The standard shift is inevitable: Gold to Bitcoin (2025 → 2075)
ARR of 6.87%, $50T Bitcoin in 50 years. Safer, robust and transparency financial system backed by Bitcoin. Leading from 2075 to probably 2200, following the 150years logic. Eventually technology will
Gold-standard didn’t happened randomly, it was coordinated by important group of people. Studying 1873, the crime of 73’, and why they selected gold rather than silver or platinum, we understand why the world is not going to live in gold-standard forever. Why this is going to change sooner than later.
(NFA)
To understand the future of the global financial system, we must first look back to 1873, a pivotal year when the world collectively decided that gold would be the reserve standard. This was not a random occurrence but a calculated coordination game played by the most developed nations of the time, specifically England and Germany. By committing their financial systems to gold rather than silver, they created massive network effects that forced the rest of the world to follow suit. Because these nations dominated global trade, other countries had to adopt the gold standard to ensure their currencies were convertible and trade-compatible. At the time, gold was selected due to the technological obsolescence of silver; as transaction sizes grew, gold offered a higher value-to-weight ratio. Furthermore, the industrial economy was outpacing the supply of gold-which grew at only 1% to 2% annually-creating a deflationary pressure that was preferred over the inflation associated with silver.
This physical standard defined the infrastructure of the 19th and early 20th centuries, the metallurgical reality and technological capacity, that enabling the easy mining of silver, “impossible” mining of platinum, and ok mining of gold with the Miller Process developed in 1867. The system relied on physical security: vaults, the Suez Canal for trade routes, and secure transportation like Wells Fargo stagecoaches armed with shotguns. Value was protected by violence and physical walls. However, this system had severe limitations. Because currency was strictly pegged to gold in vaults, governments could not print money to manage macro-cycles, combat recessions, or control unemployment. The “Crime of 1873,” or the Coinage Act, is a crucial case study in this dynamic. By demonetizing silver, the U.S. government and banking elites aligned themselves with the British gold standard, effectively crushing the value of silver. This teaches us a vital lesson: for any asset to become a global reserve, it requires the alignment of governments, banking elites, and the wealthy. A reserve asset is not just about utility; it is about political and financial consensus.
As we look forward 150 years, the logic that supported the gold standard is collapsing. We are transitioning from a physical world to a digital one. In a future dominated by the internet, AI, and autonomous robotics, backing a financial system with a physical metal makes little sense. We face the risk that advanced robotics will eventually make gold mining trivial, allowing machines to extract infinite supply from the earth or asteroids, thereby diluting gold’s value. And the probabilities that with the current technology you could create a gold-type rock (exactly the same characteristics) artificially is not zero, diluting even more the gold’s relevancy. If the physical labor barrier is removed by automation, gold loses its scarcity. Therefore, the digital world requires a digital reserve-one that is mathematically finite and cannot be diluted by improved physical mining technology.

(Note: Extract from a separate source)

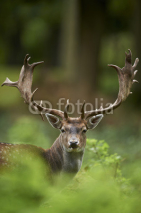 Naklejki head shot of a fallow deer stag (dama dama)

This is where Bitcoin emerges as the logical successor. Just as gold was the best technology for 1873, Bitcoin is the superior technology for a digital civilization. It leverages energy to secure a network not through physical violence, but through cybersecurity and cryptography. As society moves its most critical activities-communication, commerce, and data-to the digital realm, our store of value must reside there as well. The network effects that once favored gold are now shifting to Bitcoin. It offers transparency that gold cannot; while we have to trust that gold exists in a vault, Bitcoin allows for a verifiable, transparent ledger. For the next 150 years, as the digital economy eclipses the physical one, holding a physical rock as a reserve asset will become increasingly archaic.
However, for Bitcoin to truly become the global standard, we must apply the lessons of 1873: we need the “Crime of 1873” in reverse. We need major powers-the US, China, Europe-to align with this new standard. A strategic path exists for a smart nation to dominate this future without causing market chaos. If a government wants to accumulate a massive stockpile of Bitcoin to back its future financial system, buying it on the open market would spike the price too aggressively. Instead, a nation could attract Bitcoin miners by offering favorable energy contracts and, crucially, allowing-or requiring-them to pay their corporate taxes in Bitcoin.
By taxing miners directly in the asset they produce, the government creates a steady inflow of Bitcoin into its treasury without ever touching the buy button on an exchange. This prevents sell pressure from miners (who usually sell to pay taxes in fiat) and allows the state to quietly accumulate the reserve asset of the future. This is the geopolitical play: utilizing the tax code to build a Bitcoin standard stealthily, ensuring that when the inevitable shift from physical gold to digital value occurs, that nation is already holding the keys to the new global economy.